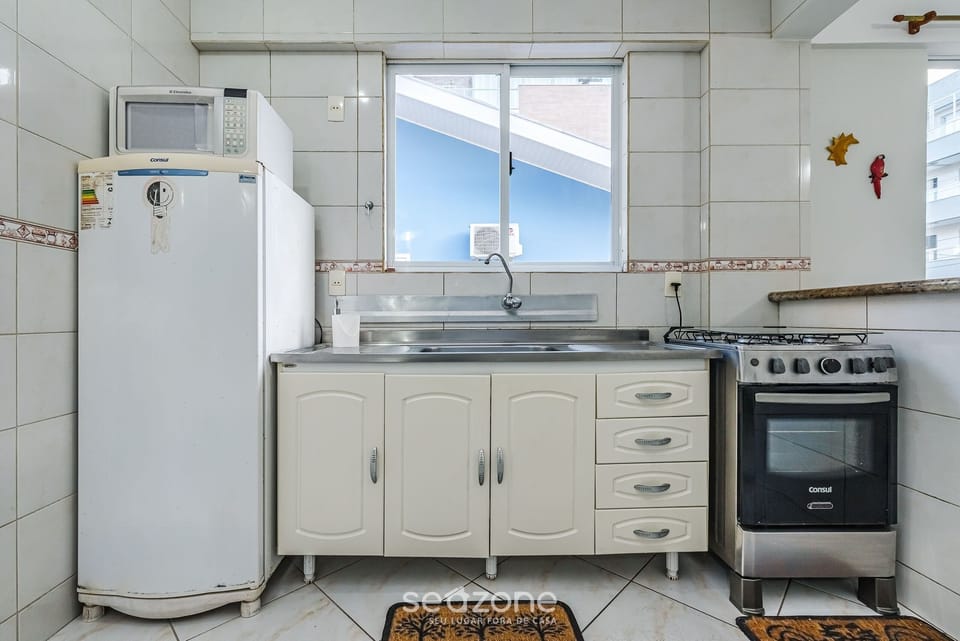 Basic Apartment | Private kitchen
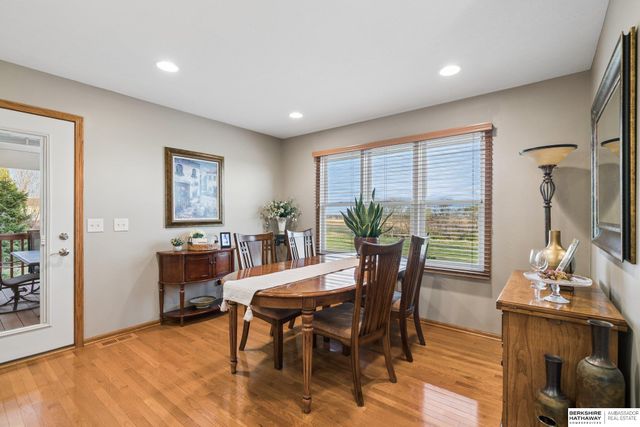 4733 W High Ridge Road, Lincoln, NE 68522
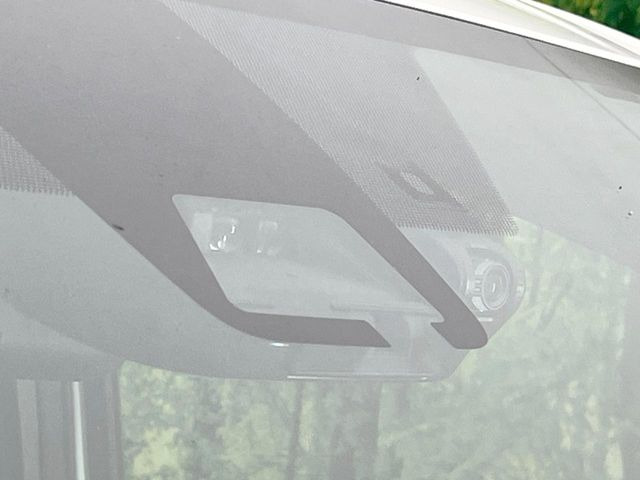 【トヨタセーフティセンス】走行中に前方の車両等を認識し、衝突しそうな時は警報とブレーキで衝突回避と被害軽減をアシスト。より安全にドライブをお楽しみいただけます。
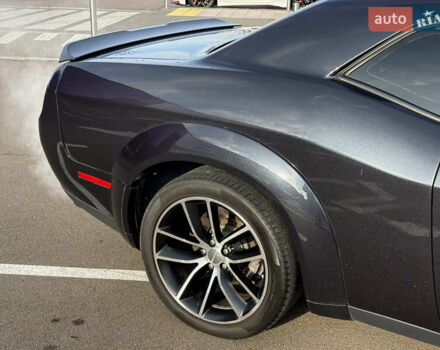 Серый Додж Челенджер, объемом двигателя 6.41 л и пробегом 108 тыс. км за 26500 $, фото 6 на Automoto.ua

════════════════════

=== Task ===
An unchanged copy of the data, images excluded, is all that should be given.

=== Reply to the task ===
 Basic Apartment | Private kitchen
 4733 W High Ridge Road, Lincoln, NE 68522
 【トヨタセーフティセンス】走行中に前方の車両等を認識し、衝突しそうな時は警報とブレーキで衝突回避と被害軽減をアシスト。より安全にドライブをお楽しみいただけます。
 Серый Додж Челенджер, объемом двигателя 6.41 л и пробегом 108 тыс. км за 26500 $, фото 6 на Automoto.ua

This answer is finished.